PROVIDED DATA -
*** Block opens ***

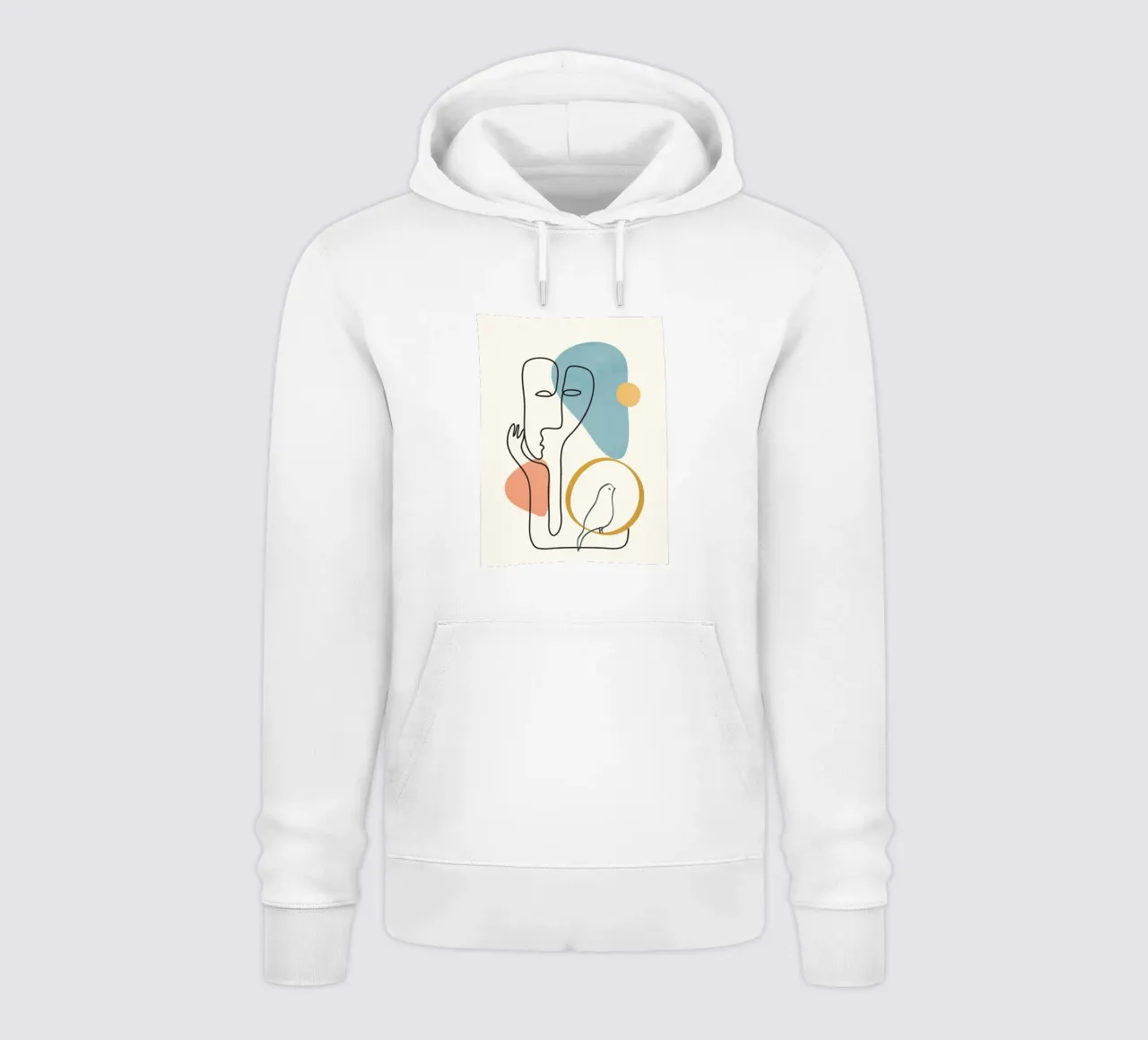 Abstract Faces 2 felpa con cappuccio da cityart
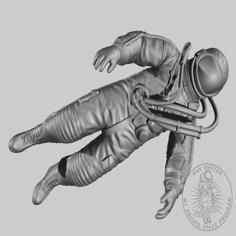 “Cosmonaut Floating In Eternity” 3D Printer Model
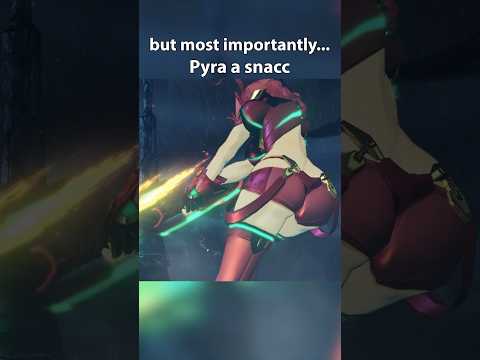 Pyra protec, Pyra attac #xenobladechronicles2 #pyra #mythra #shorts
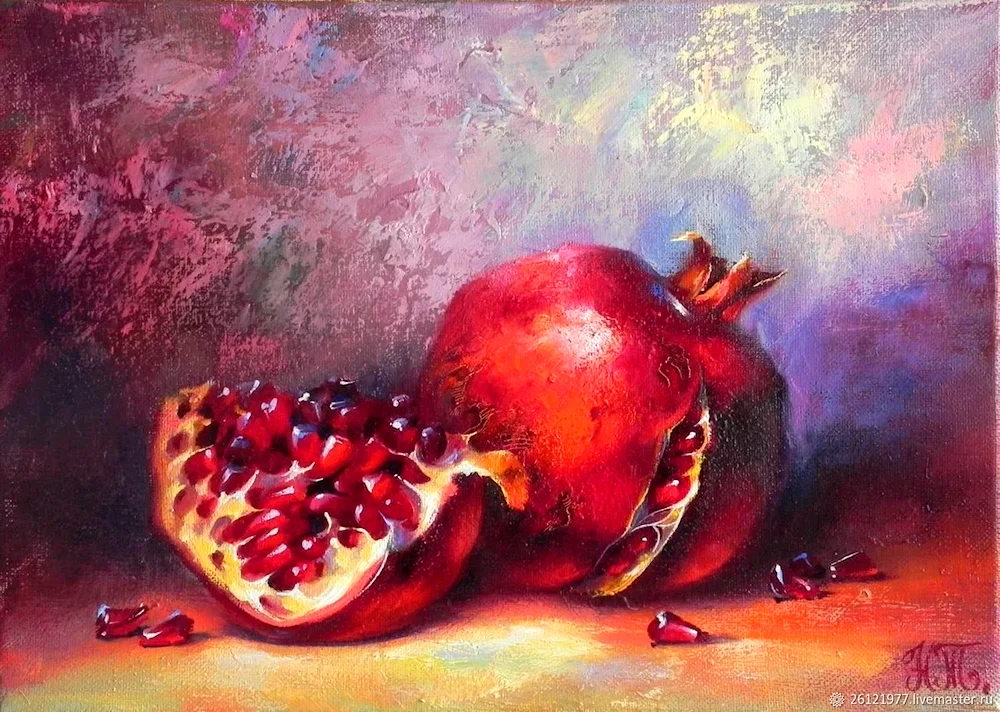 Vugar Mammadov artist pomegranate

*** Block closes ***

TASK OBJECTIVE - Because the copy must hold no pictures, return only the lines that run from the line containing "3D Printer Model" to the end of the data above, each exactly as it stands.

RESPONSE -
 “Cosmonaut Floating In Eternity” 3D Printer Model
 Pyra protec, Pyra attac #xenobladechronicles2 #pyra #mythra #shorts
 Vugar Mammadov artist pomegranate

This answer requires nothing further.